By Nicole Stevens
Here in Oregon we’re going into an election season where taxes are the hot topic, and, let’s face it, nobody is a fan of taxes.
Taxes are a necessary evil and, as Justice Brandeis put it “Taxes are the price we pay for a civilized society.” The things we want and need our government to do for us must be paid for – and this is done with taxes. Road construction/Repair, infrastructure, police and fire services and more – the things that maintain our way of life.
A referendum before us on the ballot next week is to raise the gas tax another 6 cents, which given the current prices does seem to empty the wallet, but, the average at the pump cost is $2.5-5/mo more. These taxes would fund ODOT, and right now they have a $297 budget shortfall because of the ‘no-taxes’ attitude that some people carry.
People at ODOT are not getting rich they are primarily blue collar people who work outdoors to fix roads – consider that the next time you drive over Cascade Head or the Wilson River Highway.
Because of the ODOT budget shortfall ODOT will be laying off workers, delaying projects and more. This reduction in workforce is not immediately fixable if the budget were restored after layoffs – people don’t wait for the job to return they get new ones, which means, potentially less experienced people will be filling their shoes should the budget get restored.
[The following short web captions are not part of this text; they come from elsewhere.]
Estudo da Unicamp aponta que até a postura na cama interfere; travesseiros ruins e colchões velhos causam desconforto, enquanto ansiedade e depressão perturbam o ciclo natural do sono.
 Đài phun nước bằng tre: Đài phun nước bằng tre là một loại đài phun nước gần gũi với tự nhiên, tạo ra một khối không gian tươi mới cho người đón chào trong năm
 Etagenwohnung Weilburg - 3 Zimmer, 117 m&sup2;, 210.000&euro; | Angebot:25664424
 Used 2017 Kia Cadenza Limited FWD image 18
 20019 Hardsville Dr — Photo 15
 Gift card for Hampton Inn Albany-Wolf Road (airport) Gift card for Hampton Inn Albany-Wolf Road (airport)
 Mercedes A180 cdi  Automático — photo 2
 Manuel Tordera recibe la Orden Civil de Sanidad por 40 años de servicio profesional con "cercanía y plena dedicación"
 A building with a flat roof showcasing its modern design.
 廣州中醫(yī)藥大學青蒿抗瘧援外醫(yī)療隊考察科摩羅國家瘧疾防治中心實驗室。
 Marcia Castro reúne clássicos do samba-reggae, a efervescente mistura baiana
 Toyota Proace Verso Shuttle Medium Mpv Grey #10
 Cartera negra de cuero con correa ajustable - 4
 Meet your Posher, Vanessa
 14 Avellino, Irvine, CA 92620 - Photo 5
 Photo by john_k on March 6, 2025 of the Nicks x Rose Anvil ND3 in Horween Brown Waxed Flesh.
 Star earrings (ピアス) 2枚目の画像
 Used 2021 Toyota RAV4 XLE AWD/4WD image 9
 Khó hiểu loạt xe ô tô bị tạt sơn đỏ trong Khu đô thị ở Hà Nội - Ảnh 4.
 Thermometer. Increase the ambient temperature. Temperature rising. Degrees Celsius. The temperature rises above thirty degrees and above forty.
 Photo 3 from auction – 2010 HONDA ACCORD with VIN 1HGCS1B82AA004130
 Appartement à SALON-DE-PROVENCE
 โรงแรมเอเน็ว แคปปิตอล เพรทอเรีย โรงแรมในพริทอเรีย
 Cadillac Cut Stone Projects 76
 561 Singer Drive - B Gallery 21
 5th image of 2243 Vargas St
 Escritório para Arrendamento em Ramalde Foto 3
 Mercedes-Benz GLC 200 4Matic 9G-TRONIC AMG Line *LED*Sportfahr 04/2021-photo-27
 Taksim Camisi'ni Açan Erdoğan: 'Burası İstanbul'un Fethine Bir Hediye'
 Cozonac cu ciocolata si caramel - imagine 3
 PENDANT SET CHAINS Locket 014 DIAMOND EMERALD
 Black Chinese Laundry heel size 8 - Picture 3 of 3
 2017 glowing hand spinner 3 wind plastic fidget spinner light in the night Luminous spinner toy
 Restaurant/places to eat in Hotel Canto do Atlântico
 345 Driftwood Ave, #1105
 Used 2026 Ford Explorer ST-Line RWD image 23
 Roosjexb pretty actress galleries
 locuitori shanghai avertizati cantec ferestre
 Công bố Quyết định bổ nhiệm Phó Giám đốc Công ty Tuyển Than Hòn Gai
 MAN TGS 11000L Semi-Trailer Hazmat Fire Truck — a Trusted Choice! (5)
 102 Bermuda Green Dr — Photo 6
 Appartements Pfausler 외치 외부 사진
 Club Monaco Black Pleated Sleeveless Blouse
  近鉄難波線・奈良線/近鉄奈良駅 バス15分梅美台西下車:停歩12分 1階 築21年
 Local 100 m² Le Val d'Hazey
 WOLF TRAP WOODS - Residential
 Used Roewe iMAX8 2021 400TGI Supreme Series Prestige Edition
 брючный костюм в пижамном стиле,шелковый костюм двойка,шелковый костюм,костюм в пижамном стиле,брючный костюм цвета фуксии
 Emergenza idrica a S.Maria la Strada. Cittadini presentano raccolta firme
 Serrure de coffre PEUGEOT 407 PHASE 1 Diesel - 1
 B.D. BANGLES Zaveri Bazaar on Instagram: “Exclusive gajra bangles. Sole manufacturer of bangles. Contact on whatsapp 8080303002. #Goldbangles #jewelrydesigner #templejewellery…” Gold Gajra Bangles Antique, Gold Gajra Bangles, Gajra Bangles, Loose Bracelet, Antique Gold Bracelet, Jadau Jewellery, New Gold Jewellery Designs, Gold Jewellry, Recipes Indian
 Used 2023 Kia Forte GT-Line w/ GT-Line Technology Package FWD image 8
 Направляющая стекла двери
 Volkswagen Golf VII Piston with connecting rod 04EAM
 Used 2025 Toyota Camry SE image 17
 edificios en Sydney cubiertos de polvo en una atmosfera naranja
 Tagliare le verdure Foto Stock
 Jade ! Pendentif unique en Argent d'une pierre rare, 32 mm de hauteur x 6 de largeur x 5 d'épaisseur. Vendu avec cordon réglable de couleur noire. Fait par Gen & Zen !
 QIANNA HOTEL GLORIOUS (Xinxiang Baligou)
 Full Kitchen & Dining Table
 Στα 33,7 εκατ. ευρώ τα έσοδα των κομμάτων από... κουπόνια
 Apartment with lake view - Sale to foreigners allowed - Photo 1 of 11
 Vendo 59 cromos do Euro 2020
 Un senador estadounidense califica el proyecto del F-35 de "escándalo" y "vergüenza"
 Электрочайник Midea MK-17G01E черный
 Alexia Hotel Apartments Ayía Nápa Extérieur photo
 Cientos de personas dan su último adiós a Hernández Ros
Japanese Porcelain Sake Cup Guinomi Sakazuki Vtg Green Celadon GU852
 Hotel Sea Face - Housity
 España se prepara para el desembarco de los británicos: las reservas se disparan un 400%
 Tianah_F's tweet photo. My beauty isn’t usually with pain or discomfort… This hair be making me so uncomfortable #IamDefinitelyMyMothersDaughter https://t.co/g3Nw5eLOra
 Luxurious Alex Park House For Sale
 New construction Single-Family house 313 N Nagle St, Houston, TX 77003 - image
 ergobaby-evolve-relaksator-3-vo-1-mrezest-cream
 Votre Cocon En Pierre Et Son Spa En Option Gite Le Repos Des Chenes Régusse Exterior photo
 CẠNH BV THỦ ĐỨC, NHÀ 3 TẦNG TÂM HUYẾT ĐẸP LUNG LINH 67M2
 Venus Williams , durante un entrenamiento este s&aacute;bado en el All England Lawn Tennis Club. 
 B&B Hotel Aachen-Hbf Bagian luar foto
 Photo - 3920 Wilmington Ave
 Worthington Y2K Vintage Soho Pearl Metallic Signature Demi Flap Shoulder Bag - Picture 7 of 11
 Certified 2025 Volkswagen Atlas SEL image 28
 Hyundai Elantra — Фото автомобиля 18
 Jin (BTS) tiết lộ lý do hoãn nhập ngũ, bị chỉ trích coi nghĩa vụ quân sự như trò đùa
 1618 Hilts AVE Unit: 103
Let’s talk about tax breaks that are given. Google receives an annual tax break of nearly half a billion dollars and subsidies from BPA and Pacific Power who make up that same offset in high rates for you and me. Even if you never use it, you are paying for AI. The laws used to create these massive incentives were meant for manufacturing. The Google data center in The Dalles is not manufacturing and they are not employing thousands of people.
These sorts of breaks were made for companies like Intel whose Washington County facilities employ over 22,000 people – employees who are part of the community and the tax base, whereas the Google facility in The Dalles employs 30.
I have worked in data centers and these are warehouses of computers.
Let’s be clear, Google’s parent company Alphabet, Inc. had a market capitalization of 2.5 trillion dollars last years – that is more money than New York has! We are feeding the ultra-rich corporations huge incentives to employ very few – the average tax payer in Oregon is not getting the benefit of these incentives given to mega-corporations, we just take it in the shorts when budgets have to overcome the burdens of making these incentives to big business.
So next week we get a choice to fund our critical services or not. I am not trying to tell you how to vote, rather just describing what the stakes are and how the tax inequality in Oregon is affecting everybody’s bottom line.